━━ Records shown

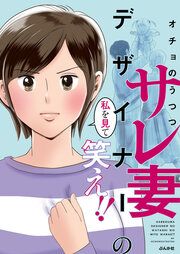 『サレ妻デザイナーの私を見て笑え!!(分冊版)』の表紙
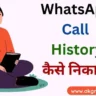 WhatsApp Call History Kaise Nikale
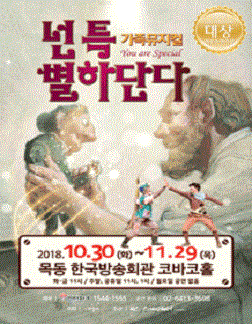 가족뮤지컬〈넌특별하단다〉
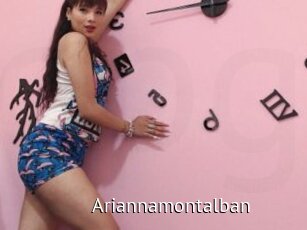 Ariannamontalban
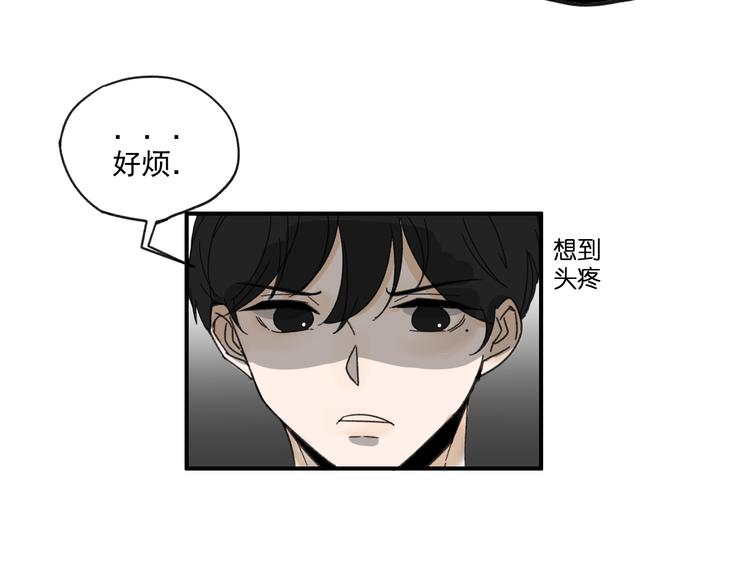 第13话  抱歉(1/2)-第13话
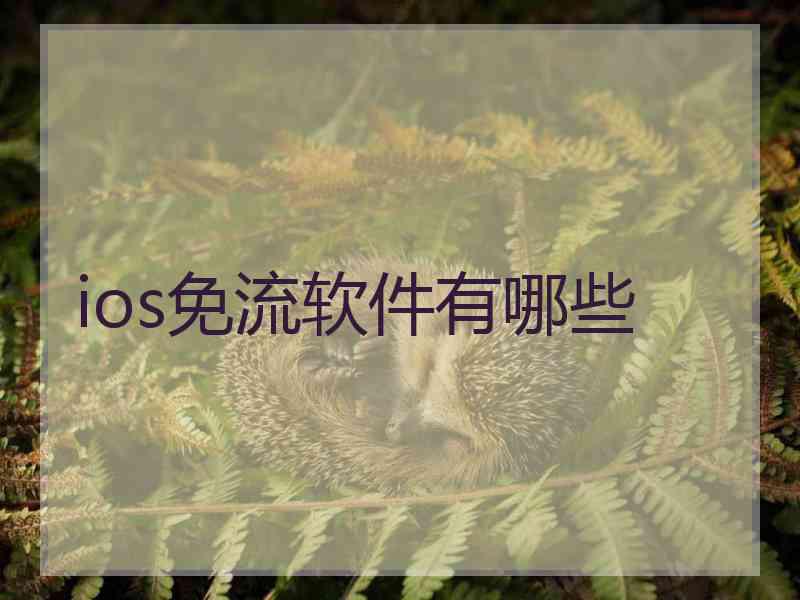 ios免流软件有哪些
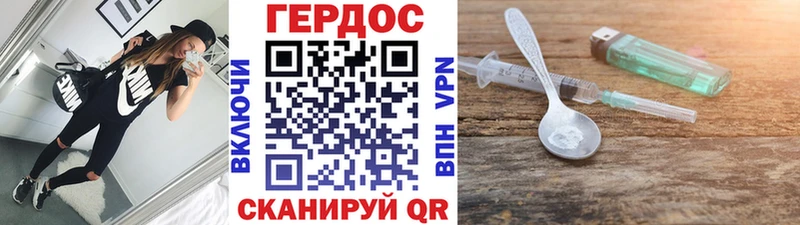 площадка телеграм Кандалакша ГЕРОИН Афган цены наркотик
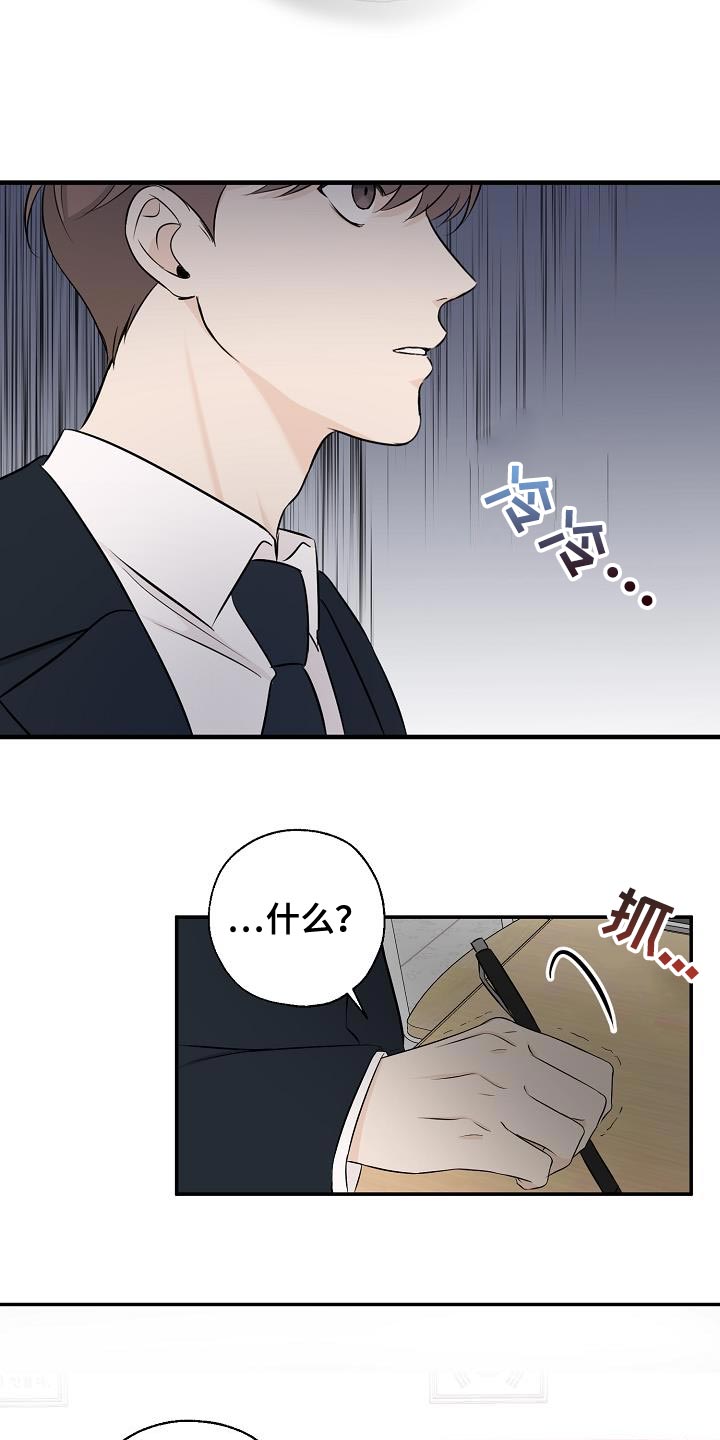 第24章：高利贷21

━━━━

### Work required
Your task is to retype all the entries exactly and leave out any pictures.

### Exercise result
 『サレ妻デザイナーの私を見て笑え!!(分冊版)』の表紙
 WhatsApp Call History Kaise Nikale
 가족뮤지컬〈넌특별하단다〉
 Ariannamontalban
 第13话  抱歉(1/2)-第13话
 ios免流软件有哪些
 площадка телеграм Кандалакша ГЕРОИН Афган цены наркотик
 第24章：高利贷21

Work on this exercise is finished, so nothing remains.